5 min read
EVs are the Intermediary, Hydrogen is the Future of Car Fuel
27/03/2026
Giles Lister is the Head of Utilities at Bruton Knowles. Joining Bruton Knowles in 2025 with over 30 years of experience across the electricity, water, gas and renewables sectors, Giles has led major infrastructure projects from inception to delivery. He specialises in strategic land acquisition, statutory rights and multi-disciplinary coordination. Giles has advised a range of high-profile clients including National Grid, UK Power Networks, Southern Water, RWE and the Environment Agency, and plays a key role in shaping the business’s long-term utilities and infrastructure strategy as well as mentoring the next generation of professionals.
I’ve been thinking a lot about where we’re heading with transport in the UK, and more importantly, how we’re going to get there. We talk endlessly about “net zero” and phasing out petrol and diesel, and we often ask the question of what will replace them. But I also have huge questions about how practical the replacement of those fuels is in the real world.
Right now, electric vehicles are clearly leading the charge, pardon the pun. They’re visible and supported by a growing public charging network. As of early 2026, there are now more than 1.88 million fully electric cars on UK roads, accounting for around 5.5% of the total car numbers.
That’s a significant jump from just a few years ago, at the end of 2022, there were roughly 664,000 EVs, or about 2% of all cars. In other words, the number of fully electric vehicles has nearly tripled in a relatively short space of time.
Government figures from last March showed there were more than 75,000 public chargers available across the UK. That is real progress, and it helps explain why EVs have gained traction so quickly, but it’s still not where it needs to be in my opinion.

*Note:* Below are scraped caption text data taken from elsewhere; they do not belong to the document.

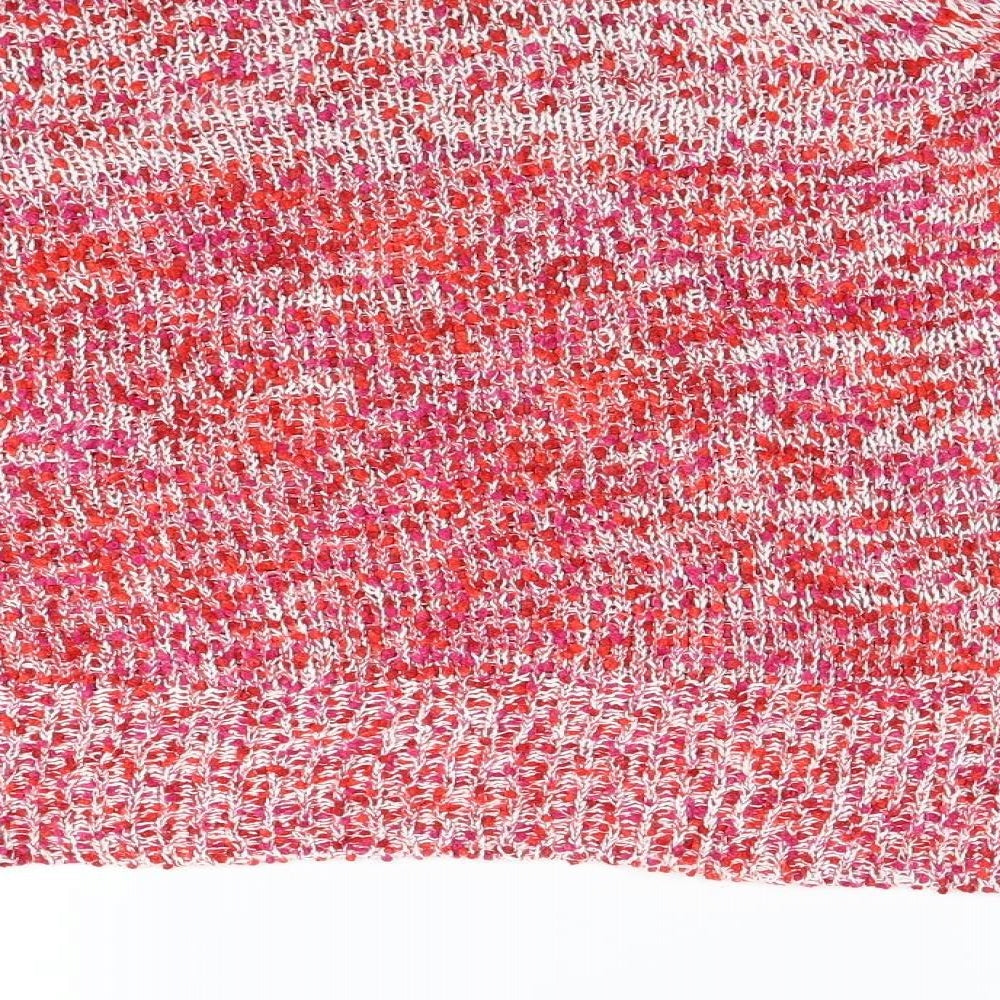 TU Womens Red  Knit Pullover Jumper Size 8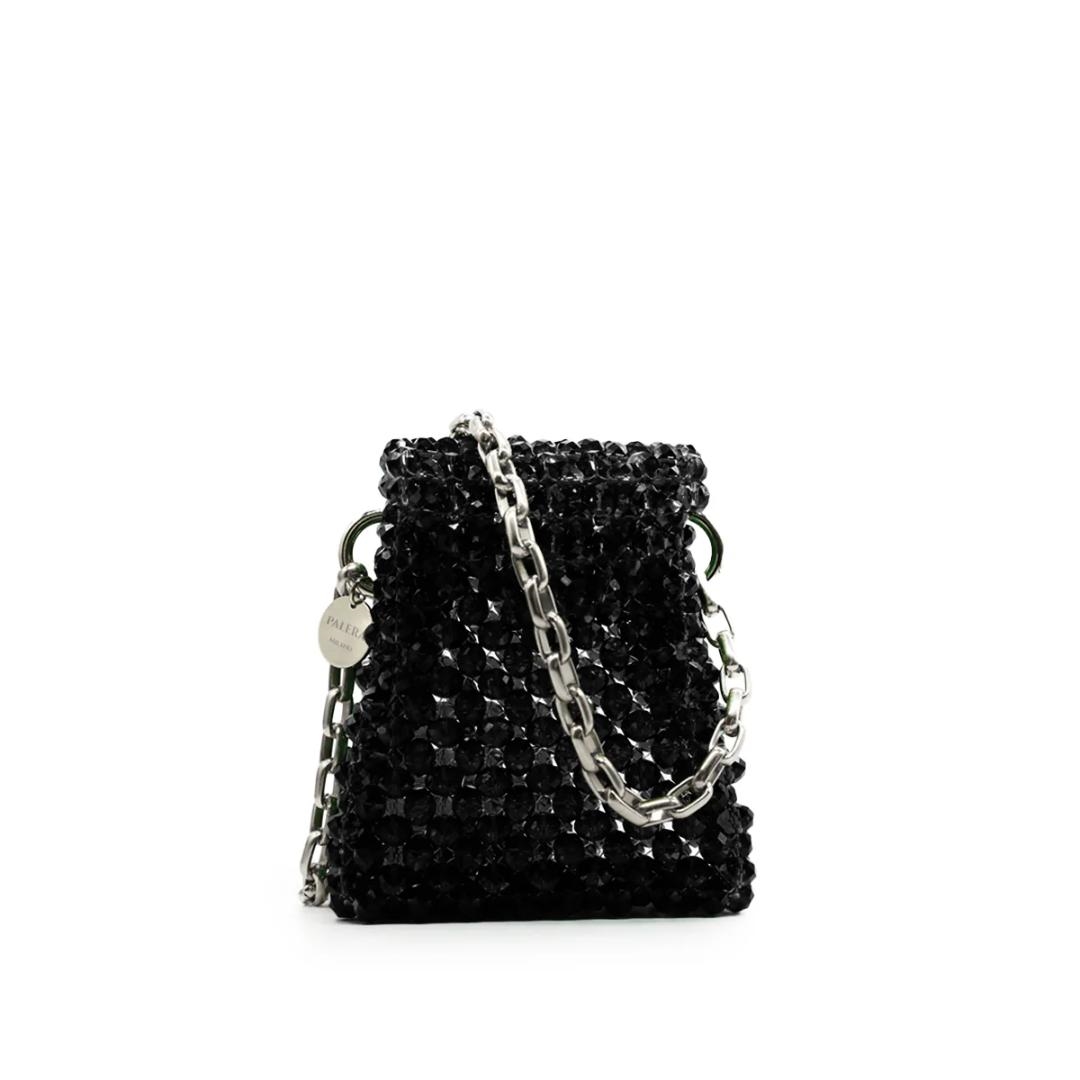 PAL-MINIMILANON2-BLS.jpg PALERA MILANO, Mini Milano, Black with Silver chain - Image 1
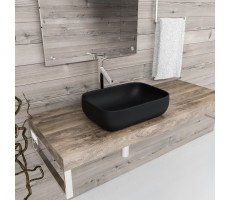 Раковина накладная ESBANO MARTEL(Matt Black) Размер: 505x405x140 ESRNMARTMB Раковина накладная ESBANO MARTEL(Matt Black) Размер: 505x405x140 ESRNMARTMB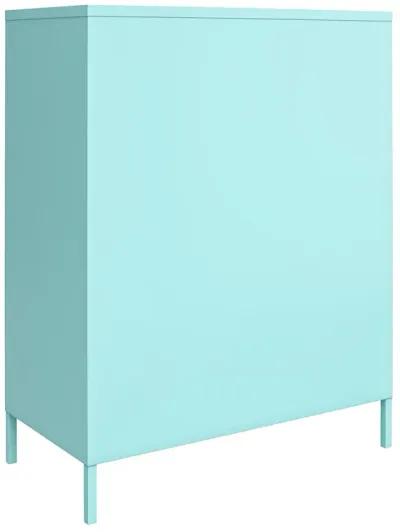 Cache 2 Door Metal Locker Style Storage Accent Cabinet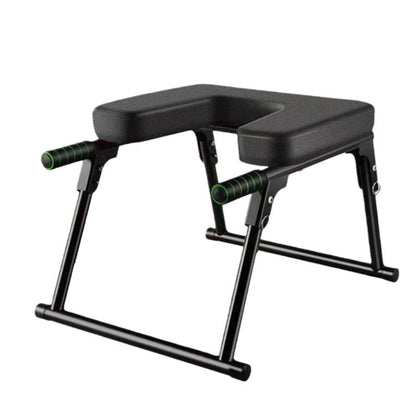 Foldable Yoga Inversion Bench Stand Yoga Chair for Balance Training, Core Strength Building, With T-shaped Cushion Black, With T-shaped Cushion Red, No Cushion Black, No Cushion Red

For many drivers, especially those making longer journeys or without easy access to home charging, the infrastructure still does not feel sufficient. And beyond the number of chargers themselves, there is also the wider concern about whether the grid will be able to cope with rising demand as more motorists make the switch.
The trend is clear: more drivers are moving towards electric, and the market is shifting with them.
That matters more than we sometimes admit. Because, when many people think about switching from petrol or diesel, their first concern is not environmental. It is practical. How far will it get me? What happens when I run out? How long will it take to get going again? If those questions are not answered confidently, adoption slows down, no matter how good the technology is on paper.
And this is where hydrogen comes into play. There’s a growing sense, one I share, that hydrogen could ultimately be the endgame. It offers fast refuelling, longer range, and a driving experience much closer to what we are used to today.
For heavy goods vehicles, buses and long-distance transport, it makes even more sense. In fact, some operators are already looking ahead: a recent Road Haulage Association survey found that 12% of HGV operators want to introduce hydrogen-fuelled trucks and buses within the next five years, and believe the vehicles will be available to do so.
But here’s the problem: the infrastructure simply is not there. At the moment, the UK has only a handful of hydrogen refuelling stations, around six. Compared with even the still-developing EV charging network, it is nowhere near where it needs to be. This is a fundamental barrier to its long term prospects as an alternative transport fuel source.
The wider policy direction on the continent may point towards growth. The European Commission has mandated that by 2030 there should be at least one hydrogen filling station every 120 miles on major routes and in all towns with populations over 100,000. On paper, that sounds encouraging. In practice, it represents a huge infrastructure challenge, one that will require major investment, urgency and joined-up planning.
For me, it reinforces the idea that EVs are not the final destination, they are the bridge. They are the intermediary step between petrol and whatever comes next, quite possibly hydrogen. EVs are gaining ground because they are available now, the market is growing, and the infrastructure, while still under pressure, is at least developing. Hydrogen may well prove to be the better long-term solution, but without a reliable refuelling network it remains more of a future ambition than a present reality.